MOFs-derived Fe, N-co doped porous carbon anchored on activated carbon for enhanced phosphate removal by capacitive deionization

Abstract

Excessive phosphorus (P) emissions can cause water eutrophication and severe ecosystem degradation. Capacitive deionization (CDI) has demonstrated excellent potential for phosphorus removal owing to its environmental friendliness and quick removal/release of phosphate. In this study, novel metal–organic frameworks (MOFs)-derived Fe, N-co doped porous carbon anchored on activated carbon (Fe@N/C) was fabricated as an anode for phosphate uptake.

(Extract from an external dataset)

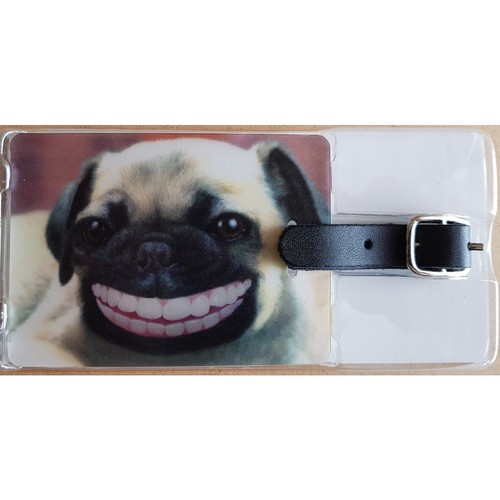 Etiquetas de equipaje originales lenticulares 3D, pug/perro animado, 3,5 x 2,5 pulgadas - Imagen 2 de 2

Activated carbon provides a conductive framework to accelerate electron transfer and promote phosphorus adsorption. Fe@N/C electrode exhibit the best adsorption capacity for phosphorus at low concentrations (5 mg P/L) under a 1.2 V electric field, suggesting that N species and Fe species facilitate phosphate adsorption. The impact of initial phosphorus concentration, applied voltage, electrode material, and initial pH on phosphorus uptake by Fe@N/C was investigated. In addition, the phosphorus adsorption mechanism was revealed to be dominated by ligand exchange, electrostatic attraction, and electric field. Furthermore, the energy consumption and operating costs for phosphorus removal by CDI at 1.2 V were calculated to be as low as 5.18 KWh/Kg P (0.0223 KWh/m3) and 0.00173 $/m3, respectively. This study provided a new approach for constructing MOFs-derived carbon composite electrodes in the field of CDI.